With Future Fonts we are trying make type less scary, more fun, and more inclusive to both the type designers and type users.

Type in progress with Future Fonts

Q: How do you want to shape design?

A: With Future Fonts we are trying make type less scary, more fun, and more inclusive to both the type designers and type users. Type design and typography can be a little intimidating with all the rules, and there’s a huge amount of pressure for things to be perfect. But if you frame it right, are honest about your intentions, and let your guard down a bit, it can be super fun. We’re trying to create a place where it’s okay to make mistakes, especially if you’re learning from them.

XOXO is an experimental festival celebrating independent artists who work on the internet.

Q: What music (or podcasts) are you listening to, or what are you reading right now?

Travis: I just started Amatka by Karin Tidbeck. It’s a sci-fi with some weird ideas relating to language directly affecting the physical world. I’m also working my way through Gerard Unger’s Theory of Type Design.

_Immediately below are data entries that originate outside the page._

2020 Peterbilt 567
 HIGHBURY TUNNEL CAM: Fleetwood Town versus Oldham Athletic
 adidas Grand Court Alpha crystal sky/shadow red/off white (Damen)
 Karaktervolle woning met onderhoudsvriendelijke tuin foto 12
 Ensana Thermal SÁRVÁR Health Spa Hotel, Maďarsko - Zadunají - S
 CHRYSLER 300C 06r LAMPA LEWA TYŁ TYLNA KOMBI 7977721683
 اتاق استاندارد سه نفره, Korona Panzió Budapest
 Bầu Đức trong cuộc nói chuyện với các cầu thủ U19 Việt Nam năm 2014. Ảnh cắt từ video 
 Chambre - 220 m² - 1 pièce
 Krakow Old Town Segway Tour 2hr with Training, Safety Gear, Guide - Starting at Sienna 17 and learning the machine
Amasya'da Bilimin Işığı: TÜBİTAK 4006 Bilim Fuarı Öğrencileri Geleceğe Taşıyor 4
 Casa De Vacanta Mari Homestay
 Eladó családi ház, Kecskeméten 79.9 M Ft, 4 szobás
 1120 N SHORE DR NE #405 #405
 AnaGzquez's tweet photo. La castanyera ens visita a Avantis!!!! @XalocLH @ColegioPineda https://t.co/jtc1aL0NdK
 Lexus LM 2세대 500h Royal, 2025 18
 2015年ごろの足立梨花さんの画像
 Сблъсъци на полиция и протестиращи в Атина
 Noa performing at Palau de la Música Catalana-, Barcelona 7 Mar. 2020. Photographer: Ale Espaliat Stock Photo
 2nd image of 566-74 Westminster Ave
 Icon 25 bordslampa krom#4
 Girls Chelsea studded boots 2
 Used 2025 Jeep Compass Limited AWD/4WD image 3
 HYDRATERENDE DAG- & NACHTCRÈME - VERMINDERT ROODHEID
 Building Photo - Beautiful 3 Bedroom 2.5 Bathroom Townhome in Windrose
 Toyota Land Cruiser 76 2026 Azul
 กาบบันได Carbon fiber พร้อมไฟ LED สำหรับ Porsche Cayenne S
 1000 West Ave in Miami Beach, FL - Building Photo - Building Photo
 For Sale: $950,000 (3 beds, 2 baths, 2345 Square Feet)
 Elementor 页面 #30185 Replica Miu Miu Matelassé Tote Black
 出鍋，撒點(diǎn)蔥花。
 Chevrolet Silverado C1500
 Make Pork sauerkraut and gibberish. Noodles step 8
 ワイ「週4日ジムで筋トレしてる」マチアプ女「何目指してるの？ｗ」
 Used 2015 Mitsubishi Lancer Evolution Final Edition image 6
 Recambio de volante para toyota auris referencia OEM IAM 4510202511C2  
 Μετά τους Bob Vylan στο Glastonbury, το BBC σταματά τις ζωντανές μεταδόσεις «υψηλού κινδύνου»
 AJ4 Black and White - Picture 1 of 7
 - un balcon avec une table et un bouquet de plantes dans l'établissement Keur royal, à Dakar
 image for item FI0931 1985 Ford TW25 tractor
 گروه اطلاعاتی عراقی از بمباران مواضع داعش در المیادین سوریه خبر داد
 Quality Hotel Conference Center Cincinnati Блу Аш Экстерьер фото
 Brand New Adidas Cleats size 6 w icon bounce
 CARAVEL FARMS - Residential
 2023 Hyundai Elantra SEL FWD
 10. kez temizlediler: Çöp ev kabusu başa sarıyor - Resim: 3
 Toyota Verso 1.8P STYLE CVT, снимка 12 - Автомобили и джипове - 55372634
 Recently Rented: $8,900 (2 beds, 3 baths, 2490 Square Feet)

Sadly he passed away recently, but he left us one final gift in this book.

Lizy: I look forward to Song Exploder, because I enjoy learning about other creative people’s processes. It also introduces me to new music, and is interesting to hear their work dissected. Besides that, NPR political podcasts and Up First, to stay up to date on current events. I’m also currently reading Sapiens by Yuval Noah Harari.

The Kicker typeface was created as part of the interactive experience design for the launch of Design Week Portland.

We’re trying to create a place where it’s okay to make mistakes, especially if you’re learning from them.

Q: What is one thing you want to learn right now?

Travis: The biggest thing on my list is figuring out Higher Order Interpolation in variable fonts. Underware has been teasing this technology to do more advanced things with variable fonts, like animating the path of brush strokes. They’re being pretty cryptic about how they’re doing it though.

Lizy: I’d like to explore designing for AR and VR, and get better at designing with motion.

BONUS Q: What question do you WISH you had been asked here? (We will ask the next person!)

T+L: What is your favorite font? Just kidding. “Where do you see your project in 10 years?”

Look forward to that answer in another edition of #fridayfives.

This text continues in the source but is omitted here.